Non ci sono ancora i dati ufficiali ma anche l’emittente nazionale cinese Cctv lo avrebbe annunciato con un tweet.
Sembra infatti che il partito di governo, il temuto e odiato Usdp, sia stato nettamente sconfitto e relegato nella proporzione di seggi che in passato la giunta militare si era preoccupata di attribuirsi per legge pari in ogni caso ad un ingombrante 25%.
L’eroina della libertà in Birmania, la Signora Aung San Suu Kyi non si sbilancia in dichiarazioni di vittoria ben sapendo quanto precaria sia la situazione nel paese di fatto ancora totalmente controllato dai militari e ammette che “è troppo presto per parlare del risultato, ma credo che ne abbiate tutti un’idea”. Più fiducioso ed entusiasta è apparso il fondatore del partito, l’ottantottenne Tin Oo, che alla vigilia aveva dichiarato ai media un secco “Vinceremo”.
I dati parziali infatti sembrano confermare tale entusiasmo, con una percentuale che tocca l’ottanta percento nelle regioni centrali e il sessantacinque nelle zone delle etnie Mon e Kayin e si attendono ancora i risultati degli altri stati etnici, da sempre vittime della brutalità della giunta militare.

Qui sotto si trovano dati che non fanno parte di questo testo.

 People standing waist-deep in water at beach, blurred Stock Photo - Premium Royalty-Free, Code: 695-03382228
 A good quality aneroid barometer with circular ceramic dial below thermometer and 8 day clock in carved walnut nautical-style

Secondo la costituzione, al partito della Kyi servirebbero i due terzi della camera per formare un governo in piena autonomia che se riuscisse sarebbe il primo governo democraticamente eletto da sessanta anni in Birmania.

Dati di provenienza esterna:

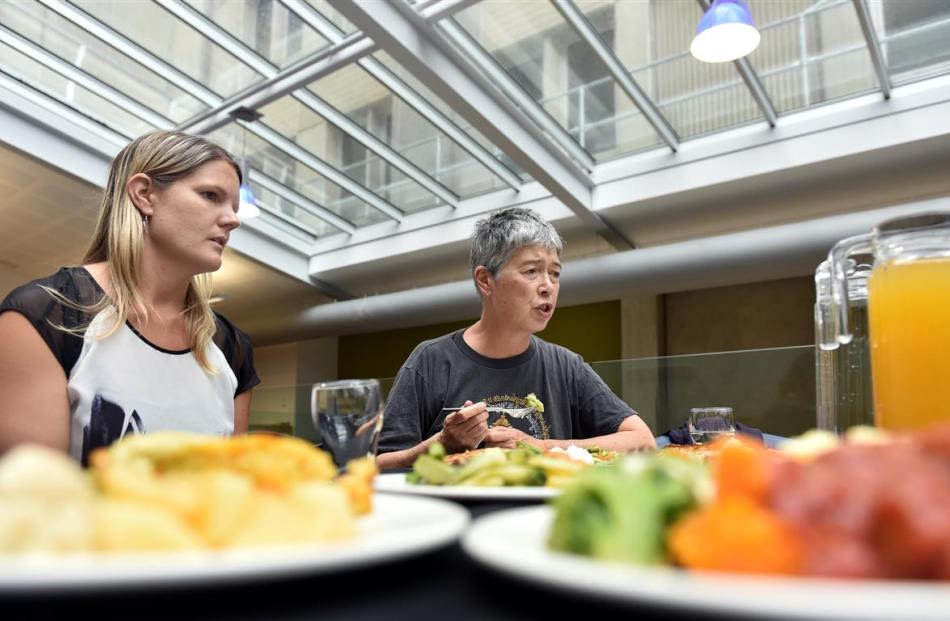 Compass national development and innovation manager Lauren Scott (left) samples the meals with...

Il vecchio establishment rimarrà rappresentato in Parlamento, almeno fino a che non si riformi la costituzione e si cancelli la quota fissa spettante al vecchio partito di governo, non si sa quindi se i nuovi leader democratici del paese dovranno almeno in un primo momento negoziare un potere condiviso per garantire una transizione quanto più pacifica.
Altro sasso sulla strada della piena rappresentanza democratica birmana è l’articolo della costituzione 59 F che impedisce ad una donna madre di cittadini stranieri, come è la Signora Aung San Suu Kyi, di ricoprire la carica di presidente della repubblica essendo i figli cittadini britannici come il loro defunto padre.
Il presidente Thein Sein, il generalissimo, quarto uomo più potente- e odiato- del paese ha ammesso che il risultato sarà rispettato, fatto che sarebbe una novità, viste le ultime reazioni della giunta ai risultati elettorali nel 1988, nel 1990 e ancora nel 2010, al tempo totalmente ignorati.
Sulle elezioni hanno vigilato circa 10.000 osservatori guidati da Alexander Lambsdorff capo della missione di osservatori dell’Unione europea: “In nessun Paese le elezioni sono perfette”, ha dichiarato ma oggi sembra che in ogni caso non si siano registrati episodi allarmanti se si esclude però l’esclusione dal voto di centinaia di migliaia di musulmani della etnia Rohingya, perseguitati dal regime e la denuncia del ministro dei trasporti che arrivato al seggio ha scoperto che qualcun aveva già votato al posto suo con il suo nome.